There were too many issues covered in these speeches to address in detail in one column, but there was a common thread running through all of the discussion: government has the solution. Apart from talk of Iraq and terrorism, the president's speech was largely a laundry list of billions of dollars that he wants to spend on research, education, foreign aid and the like. The Democrats want to spend even more billions, but their response still followed the theme that bigger government can solve our problems.

The true state of our Union is that we are living with a plethora of problems caused largely by government action. Those problems are not going to be solved by more federal action, but by Americans acting privately or at a state or local government level after confining the federal government to its constitutionally defined role.

Our vulnerability to terrorist attack is the result of interventionist foreign policies, and the lax control of our borders.
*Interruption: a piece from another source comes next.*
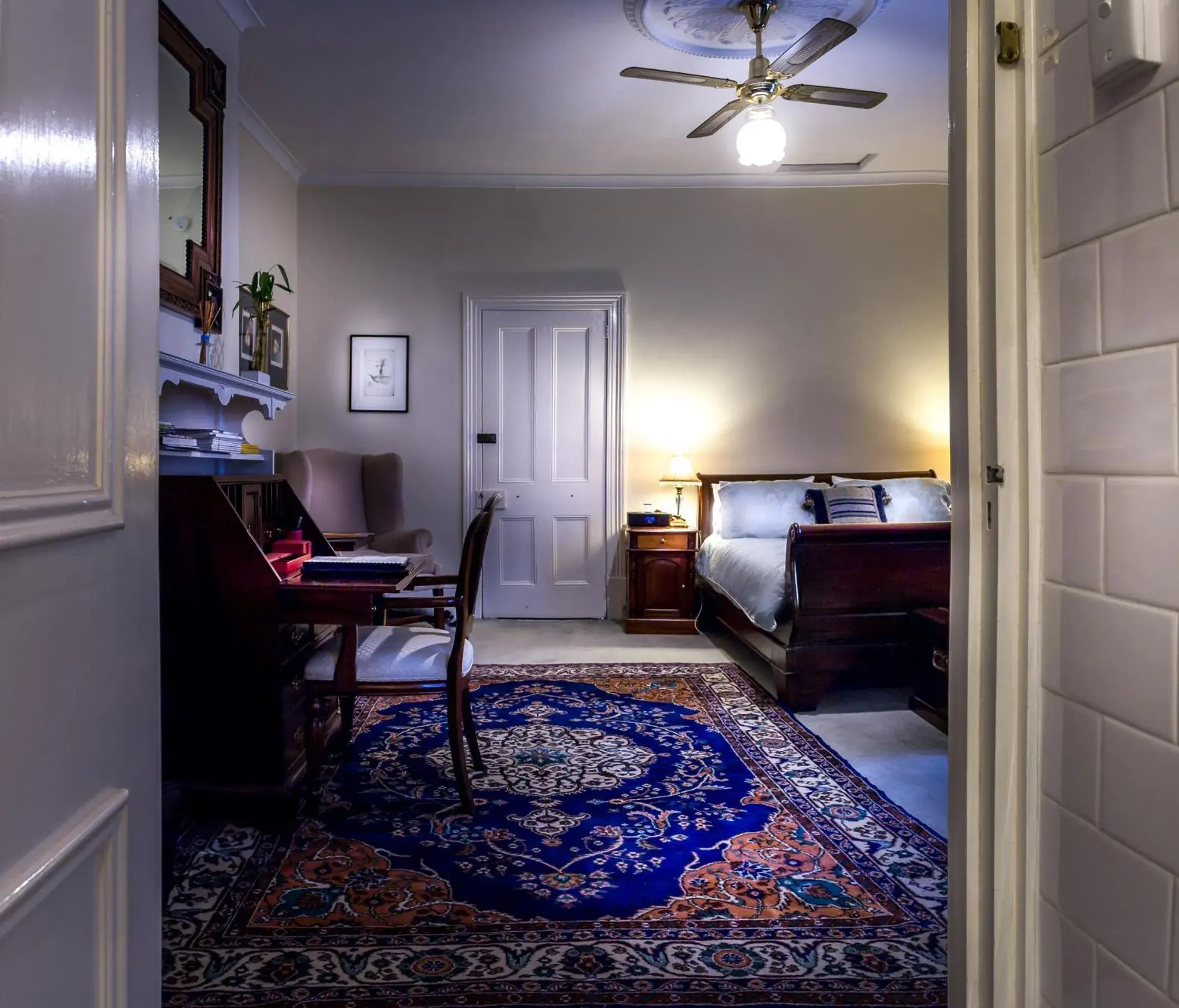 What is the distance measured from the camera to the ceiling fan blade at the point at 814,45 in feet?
9.32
Now that our incessant meddling in the affairs of nations the world over has built the terrorist threat to its present critical state, I agree that we have to destroy the terrorist groups and overthrow the governments that support them. At the same time, we need to get our government's nose out of the affairs of other nations. Our military can be better used to patrol our own borders and coasts than to enforce UN mandates in other areas of the world.

Economic recessions are caused by a complex interaction of spending and saving decisions by individuals and businesses, mob psychology, and misguided government efforts to control it all. Nothing that we can do will stop the business cycle, but we can make the swings wider and less predictable through government involvement. Money supply manipulation, incentives or disincentives for this or that, and other government action are like the desperate steering of an inexperienced driver out of control on an icy road. They can only make the situation worse.
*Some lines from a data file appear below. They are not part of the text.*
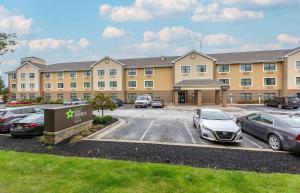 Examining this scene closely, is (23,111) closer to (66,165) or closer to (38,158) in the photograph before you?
(38,158)

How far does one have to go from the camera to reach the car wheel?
954 centimetres

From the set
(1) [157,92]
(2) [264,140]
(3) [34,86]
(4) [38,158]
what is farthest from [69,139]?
(3) [34,86]

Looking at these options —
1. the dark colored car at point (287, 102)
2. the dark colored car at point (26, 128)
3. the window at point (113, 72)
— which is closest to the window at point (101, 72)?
the window at point (113, 72)

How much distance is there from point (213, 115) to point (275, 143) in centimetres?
374

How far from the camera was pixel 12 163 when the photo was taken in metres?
7.00

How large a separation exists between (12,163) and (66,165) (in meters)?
1.93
The president and Democrats agree that we need tax cuts to fight the recession. We do need tax cuts; and lower taxes will improve the health of the economy at every stage of the business cycle. But the valid reason for lower taxes is that our current level of taxation is unfair, and supports government actions not authorized by the Constitution.

Article I, Section 8 of the Constitution grants to Congress certain enumerated powers which the Framers considered necessary to have a stable federal system. There are only about 18 such powers, and they are the only powers which Congress can legally exercise. Nowhere among that list is there any mention of aid to or control of education, supporting the charitable activities of "faith-based" organizations (dare we say "churches"?), providing health care for American citizens (much less those of other nations), determining what technologies people will use for transportation, or any of a million other things in which government meddles today.
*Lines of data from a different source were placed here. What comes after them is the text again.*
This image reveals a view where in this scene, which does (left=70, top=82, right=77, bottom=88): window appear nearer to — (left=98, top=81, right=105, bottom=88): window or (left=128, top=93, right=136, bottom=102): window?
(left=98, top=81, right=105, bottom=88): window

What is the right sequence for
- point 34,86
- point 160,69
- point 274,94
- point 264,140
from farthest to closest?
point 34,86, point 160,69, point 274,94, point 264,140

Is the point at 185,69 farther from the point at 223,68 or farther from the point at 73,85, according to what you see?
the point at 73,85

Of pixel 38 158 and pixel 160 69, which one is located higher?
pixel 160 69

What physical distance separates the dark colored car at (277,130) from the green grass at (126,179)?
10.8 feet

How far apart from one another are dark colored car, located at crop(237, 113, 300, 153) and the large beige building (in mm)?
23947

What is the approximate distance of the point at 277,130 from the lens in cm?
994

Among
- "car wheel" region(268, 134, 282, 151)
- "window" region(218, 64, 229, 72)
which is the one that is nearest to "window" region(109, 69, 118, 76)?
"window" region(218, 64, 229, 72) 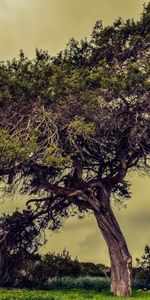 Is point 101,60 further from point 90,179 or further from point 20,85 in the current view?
point 90,179

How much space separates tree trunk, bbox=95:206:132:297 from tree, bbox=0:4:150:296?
0.15ft

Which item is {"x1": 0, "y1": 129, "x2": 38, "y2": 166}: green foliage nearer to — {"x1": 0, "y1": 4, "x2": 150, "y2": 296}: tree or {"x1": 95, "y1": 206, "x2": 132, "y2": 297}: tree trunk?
Answer: {"x1": 0, "y1": 4, "x2": 150, "y2": 296}: tree

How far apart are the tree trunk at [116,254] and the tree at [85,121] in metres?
0.04

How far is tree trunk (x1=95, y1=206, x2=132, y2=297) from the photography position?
2462cm

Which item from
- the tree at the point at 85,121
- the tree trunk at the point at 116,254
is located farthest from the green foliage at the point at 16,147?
the tree trunk at the point at 116,254

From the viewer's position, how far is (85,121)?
22.5m

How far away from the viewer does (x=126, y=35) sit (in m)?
24.7

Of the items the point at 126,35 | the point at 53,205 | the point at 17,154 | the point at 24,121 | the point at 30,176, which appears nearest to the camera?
the point at 17,154

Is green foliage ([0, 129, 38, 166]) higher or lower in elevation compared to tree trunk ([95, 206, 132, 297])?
higher

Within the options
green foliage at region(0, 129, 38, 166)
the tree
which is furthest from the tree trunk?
green foliage at region(0, 129, 38, 166)

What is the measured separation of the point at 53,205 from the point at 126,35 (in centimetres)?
939

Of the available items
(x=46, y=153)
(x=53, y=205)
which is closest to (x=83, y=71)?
(x=46, y=153)

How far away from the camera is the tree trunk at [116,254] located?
24.6 meters

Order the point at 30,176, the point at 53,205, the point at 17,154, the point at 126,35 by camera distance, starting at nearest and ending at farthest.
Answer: the point at 17,154 → the point at 126,35 → the point at 30,176 → the point at 53,205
Apart from the allowed purposes of spending, the Constitution in the Bill of Rights specifically prohibits certain actions that are dangerous to liberty. Part of the same trend of growing government is to compromise these protections in the name of national security. All three branches of government have been steadily working to loosen the bonds of the First, Second, Fourth, Fifth and other amendments. If we allow this to continue, the final state of the Union will be a nation few of us would want to live in.

In ignoring the constitutional limitations of federal powers, our Union long ago embarked on a course toward total government. The state of the Union is that we are still on that course, and proceeding at an accelerating pace. The "necessary and expedient" response is for the president and Congress to reverse that course and respect the law as laid out in the Constitution.